Five years ago, Asheville sculptor Harry McDaniel began paying attention to moths. They would flit by his Montford home each night during the warmer months, circle the porch light, and occasionally linger well past dawn.

Many of them were small and unremarkable — the sort of specimens bird-watchers like to refer to as “LBJs,” short for “little brown jobs.” Others had striking patterns, or feathery antennae, or were clad in vivid colors. A few others were just plain enormous.

“I just became intrigued with them, and wanted to see how many different kinds there were,” McDaniel says. He started by taking their pictures with a digital camera, and then printed out each image and Scotch-taped it to the walls of his family’s sitting room. In time, McDaniel’s moth gallery grew to include more than one hundred species.

“At a glance, a lot of them look alike,” says McDaniel. “But you start comparing bigger pictures and you see that they have all sorts of variations in their patterns and their shapes their antennae and the way they hold their wings. There’s a lot of variety.”

In the first, heady days of his moth project, McDaniel was keen on identifying his nocturnal guests and learning their common names and their scientific names, both of which he’d jot onto the margins of the photos with a pencil.

It didn’t last.

“I realized very quickly that first of all, they’re very hard to identify.
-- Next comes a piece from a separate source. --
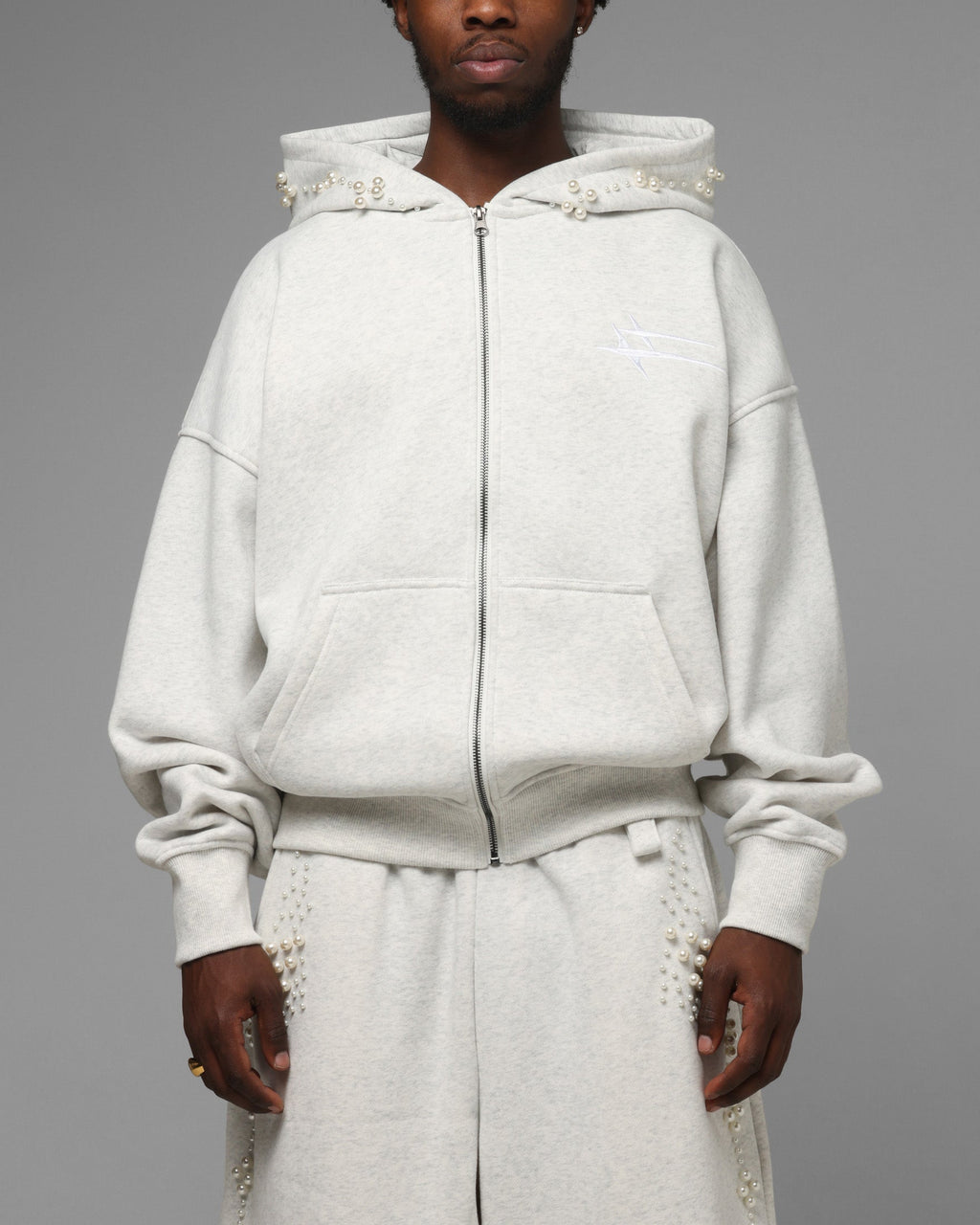 Loiter Pearl Zip Hoodie Off White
I also learned that there are a lot of them. Someone told me that there are something like 4,000 species of moths in North Carolina.”

McDaniel is in good company; a glance at a website devoted to moths of Virginia and North Carolina seems to show the same trend: the list is well annotated near the top, with common names (“tiger moths,” “crambid snout moths,” “false owlet moths,” for starters) and scientific names, but trails away into a knot of hundreds of unidentified species. McDaniel’s quest for knowledge had led him onto difficult terrain. “I kind of gave up on that,” he says. “I started to photograph them more for the visual interest.”

Few have been more interesting than the leopard moth. One day McDaniels and his daughter were in the yard when they came across a finger-sized caterpillar with sharp black bristles and an abdomen girded with red lines. They brought it inside, put it in a terrarium, and promptly forgot about it.

“And then a few months later my son walked by it and noticed a little bit of movement,” says McDaniel. “And as he watched, a leopard moth emerged from the cocoon.” The moth had a wingspan of nearly 3 inches. Its bulky frame was covered with black rings and dots against a ground of snowy white. It was a moth to remember. 

“When I first started taking pictures of moths, it didn’t occur to me that they would be interesting to other people,” says McDaniel. “As it has turned out, most people who walk into our living room are interested in the pictures. It sort of turned into an accidental art project.”

The lesson in all this? “There’s a lot right at our doorstep that we can easily overlook,” McDaniel says. “If we take the time to notice, it can be quite interesting.”